Die Nachkriegszeit ist vorbei. Wir sind in ein neues Jahrhundert eingetreten und in allen unseren Ländern ist die extreme Rechte auf dem Vormarsch. Es gibt die Ausnahmen Spanien und Polen, aber die können nicht darüber hinwegtäuschen, dass die italienische Regierungschefin in direkter Linie vom Faschismus abstammt, dass in Deutschland die Popularität einer Partei steigt, die zwei Millionen Ausländer und Einheimische, die als nicht konform mit den deutschen Werten angesehen werden, „in den Maghreb“ abschieben möchte, dass Le Pen in Frankreich bald die Macht übernehmen könnte und dass die niederländische Mitte-Rechts-Partei mit Geert Wilders verhandelt.

In vier der fünf größten Wirtschaftsmächte der Union ist die extreme Rechte nicht mehr wegzudenken und überall kommt es zu Annäherungen oder Koalitionen zwischen rechten und rechtsextremen Parteien, die bis zur Banalisierung zunehmen. Wir erleben das, was die USA mit Donald Trump erleben, und wir werden uns zwischen Mitte-Rechts und utopischen Linken, Grünen und Mitte-Links zerfleischen, obwohl unsere Stimmen im Europäischen Parlament so regelmäßig konvergieren?

Würden wir uns gegenseitig verunglimpfen, obwohl wir alle der Meinung sind, dass eine Niederlage der Ukraine ein Sieg der Diktaturen über die Demokratie wäre und die Tür für weitere imperiale Ambitionen des Kreml öffnen würde?

Würden wir uns gegenseitig Statistiken über Pestizide, Biodiversität, Meere und fossile Brennstoffe an den Kopf werfen, obwohl uns nur das Tempo und die Modalitäten des grünen Übergangs trennen und ganz sicher nicht seine Notwendigkeit? Würden wir Demokraten uns im Kampf gegeneinander aufreiben, anstatt eine Front gegen die extreme Rechte zu bilden, wie es die Polen, von den neuen Linken bis zur Mitte-Rechten, getan und gewonnen haben?
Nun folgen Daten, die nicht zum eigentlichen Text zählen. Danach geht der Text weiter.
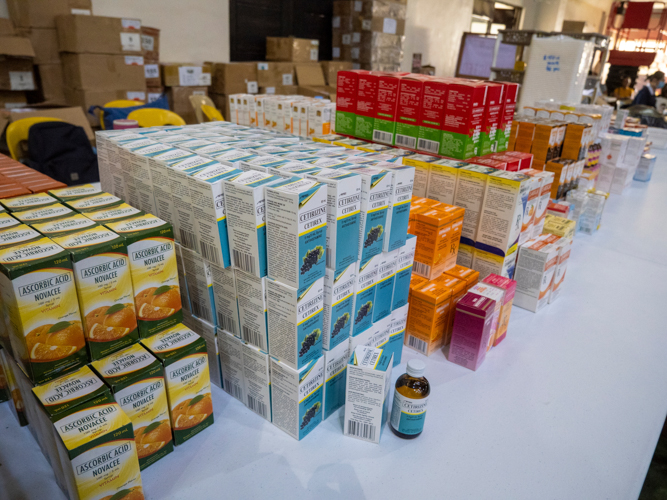 Tzu Chi brought different kinds of vitamins and medication for the 5,444 patients of the medical mission.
Lassen Sie uns das klarstellen.

Es geht nicht darum, unsere Unterschiede zu leugnen. Wir haben große Unterschiede in Bezug auf Steuersätze, Verschuldung, die wirtschaftliche Rolle der öffentlichen Hand oder das Niveau bzw. die Angemessenheit der Solidarität und des Sozialschutzes. Sie sind wesentlich, bleiben aber dennoch zweitrangig angesichts des Chaos an den anderen Ufern des Mittelmeers, des Willens von Wladimir Putin, das Zarenreich zurückzuerobern, und der Entfremdung von den USA, die – Trump hin oder her – nicht mehr die Verteidigung Europas übernehmen wollen. All das bedroht unsere 27 Länder, obwohl sie morgen nackt dastehen könnten und wir uns gegenseitig zerfleischen würden, auf die Gefahr hin, dass Rechtsextreme triumphieren, deren Ziel es ist, die Union zu zersetzen, die wir im Gegenteil so dringend brauchen, um ihre Reihen zu schließen?
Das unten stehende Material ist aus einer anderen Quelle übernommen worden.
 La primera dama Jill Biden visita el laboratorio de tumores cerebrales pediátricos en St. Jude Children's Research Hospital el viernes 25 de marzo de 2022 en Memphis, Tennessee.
Das wäre reiner Wahnsinn und zwingt uns zu einer Einheit, die keine Uniformierung bedeutet. Jede der Parteien, die die europäische Einheit und die Demokratie verteidigen, muss ihre eigenen Ideen vertreten, aber von den utopischsten bis zu den konservativsten sollten alle Demokraten gemeinsame Vorschläge zur europäischen Verteidigung, zur Ukraine, zum grünen Übergang, zum israelisch-palästinensischen Konflikt und zu den Bedingungen für eine Erweiterung der Union verabschieden.

Darüber werden wir uns am Tag nach den Wahlen wieder treffen, um Donald Trump, Wladimir Putin und unsere Rechtsextremen daran zu hindern, die Union zu zerschlagen. Also sagen wir es!